Re: Anti-whine poem to memorize by heart

Date: 2015-07-06 06:59 pm (UTC)
From: [identity profile] steepholm.livejournal.com
As you may remember, the vineyards of the Mosel made quite an impression on me last autumn.

Re: Anti-whine poem to memorize by heart

Date: 2015-07-06 07:06 pm (UTC)
From: [identity profile] karinmollberg.livejournal.com
The most of Mosel shall always dwell in thine veins, yes;) Often too sweetish for my tastes but maybe I drank the wrong ones when Young&moist.

(no subject)

Date: 2015-07-06 06:21 pm (UTC)
sovay: (I Claudius)
From: [personal profile] sovay
I suppose my next question is rather similar, though more doctrinally central: just how common was it to drink wine in first-century Palestine?

The concept of kosher wine goes back to Biblical times, so my answer would be "very." Plus first-century Judaea is a Roman province and the Romans were serious about their viticulture, so it's not like only the local culture would have been receptive to the significance. I think of it as a drinking staple of most of the ancient world, obviously remembering the existence of beer. There are ancient Egyptian and Near Eastern vineyards, though, and red wine plays an important role in Egyptian ritual life. It's one of the standard provisions for the afterlife. The Phoenicians are incredibly influential in furthering the spread of wine not just as a traded commodity, but as a technology. [edit] tl;dr I think your ordinary Josephus might have considered the really good stuff a luxury good, but in terms of the ability to come home with a couple of asses' worth of plonk, there would have been lots to choose from.
Edited Date: 2015-07-06 06:31 pm (UTC)

(no subject)

Date: 2015-07-06 06:56 pm (UTC)
From: [identity profile] steepholm.livejournal.com
I think your ordinary Josephus might have considered the really good stuff a luxury good, but in terms of the ability to come home with a couple of asses' worth of plonk, there would have been lots to choose from.

That sounds unnervingly like today. The remark of the host at Cana suggests there may have been wine snobs back then too: “Everyone serves the good wine first, and when people have drunk freely, then the poor wine. But you have kept the good wine until now.”

(no subject)

Date: 2015-07-06 07:42 pm (UTC)
joyeuce: (lucy)
From: [personal profile] joyeuce
I have a vague memory from back in my theology-student days, of being told that wine was common in first-century Palestine, and discussing the difference this made to one's conception of the Eucharist. Probably as part of my final-year liturgy module.

I wonder whether the relative rarity of wine contributed to the pre-Vatican II Roman Catholic tradition that only the priest received the Eucharist in both kinds. However, this has been illegal in the Church of England since the Sacrament Act of 1547, except in cases of grave emergency. (That was a contribution from my husband the church historian.)

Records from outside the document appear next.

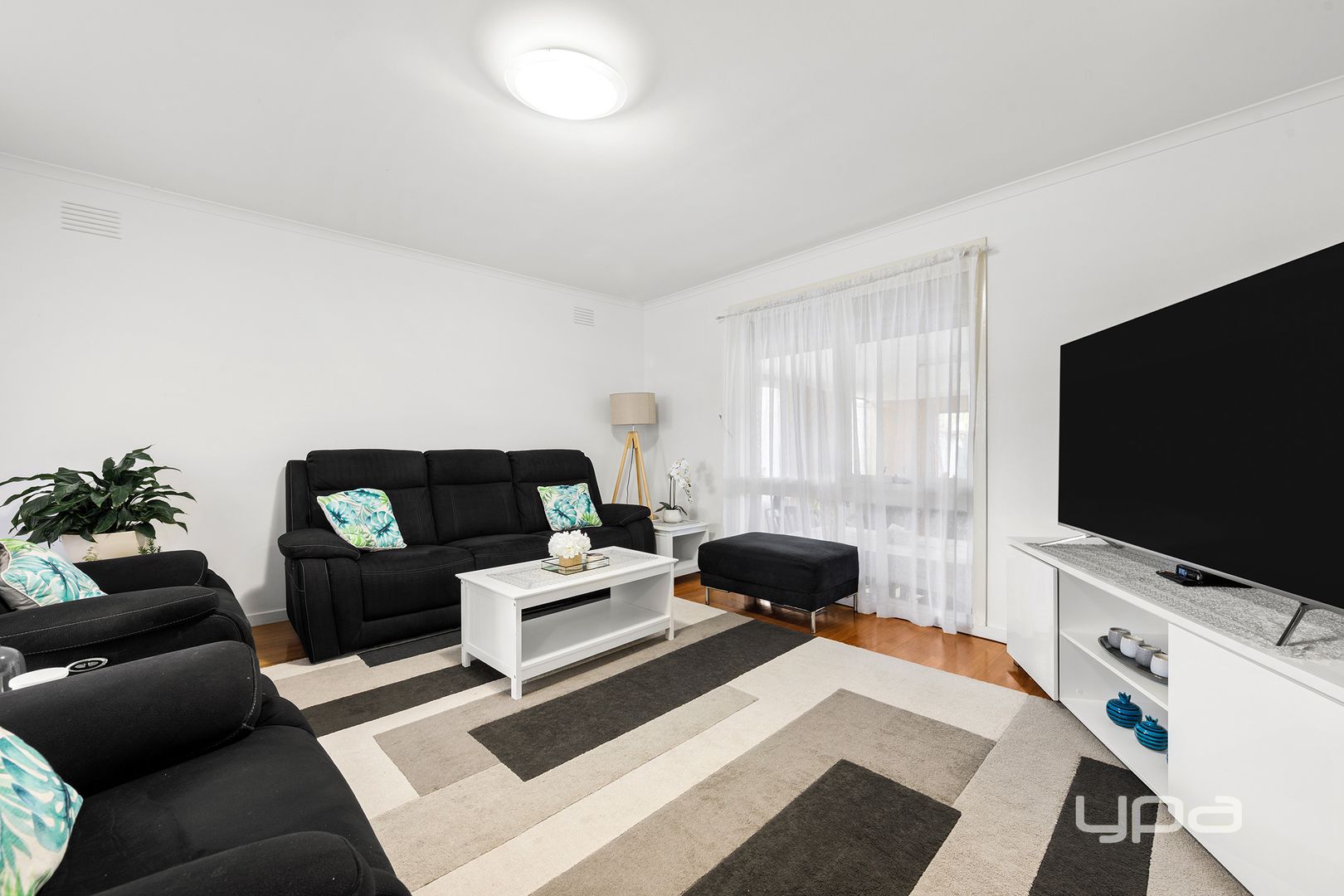 29 Stevenage Crescent, Deer Park VIC 3023, Image 2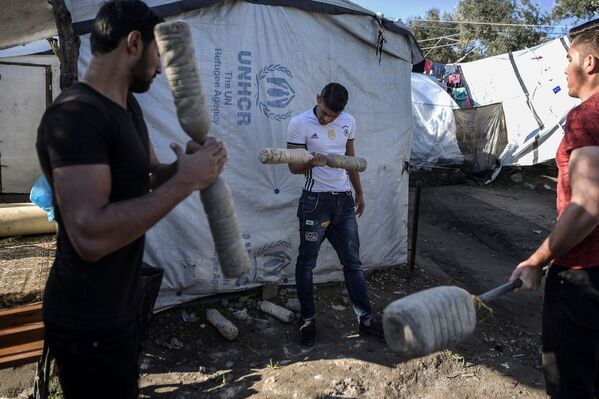 Yunanistan'daki üç mülteci kampı kapatılıyor - Sputnik Türkiye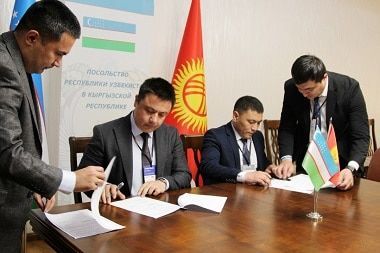 В Кыргызстане откроется производство хирургических перчаток изображение публикации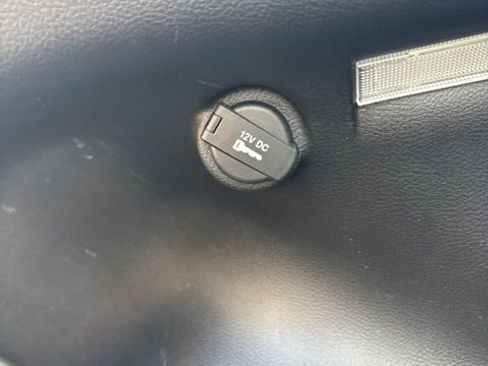 Used 2022 Jeep Compass Latitude image 23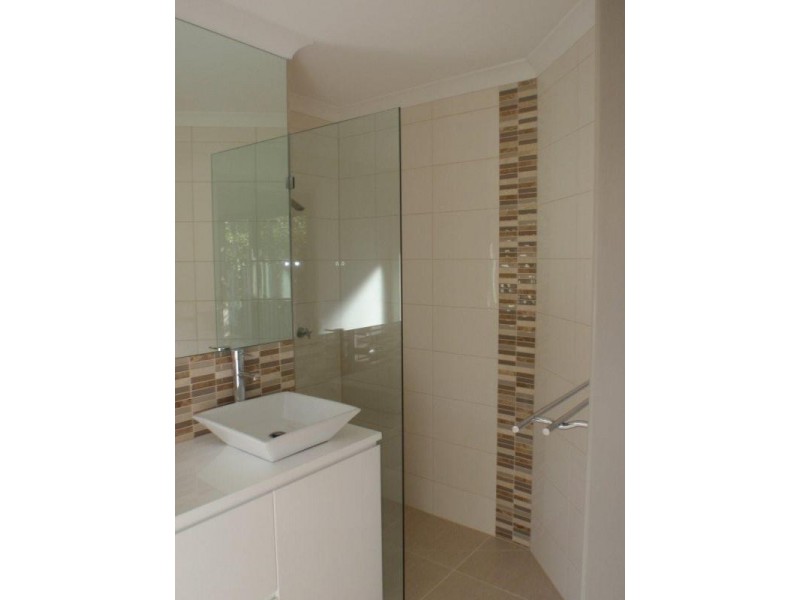 32 Lakes Circuit, Burleigh Waters QLD 4220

My Nonconformist-mixed-with-Anglican background means that I have received the blood of Christ in the form of Communion wine (vile), non-alcoholic Communion wine (worse, and I once had to drink a full chalice of it), grape juice, Ribena (because the Communion steward was embarrassed to buy grape juice - ?), sherry, and Lindisfarne mead.

Here endeth the spill of random chunks of information!

(no subject)

Date: 2015-07-06 07:49 pm (UTC)
From: [identity profile] steepholm.livejournal.com
All random chunks gratefully received! I find it bizarre that one could be embarrassed about buying grape juice (but not Ribena).

Perhaps it's as well that Jesus didn't institute the eat-y part of the process in Marmite soldiers. That would have sorted the sheep from the goats!

(no subject)

Date: 2015-07-06 08:31 pm (UTC)
joyeuce: (lucy)
From: [personal profile] joyeuce
It is bizarre. My parents, who gave me this explanation (presumably when I was old enough to notice that the Methodist Service Book stated "The juice of the grape shall be used"), couldn't tell me any more, and I believe the lady in question is now dead, so it will remain forever a mystery.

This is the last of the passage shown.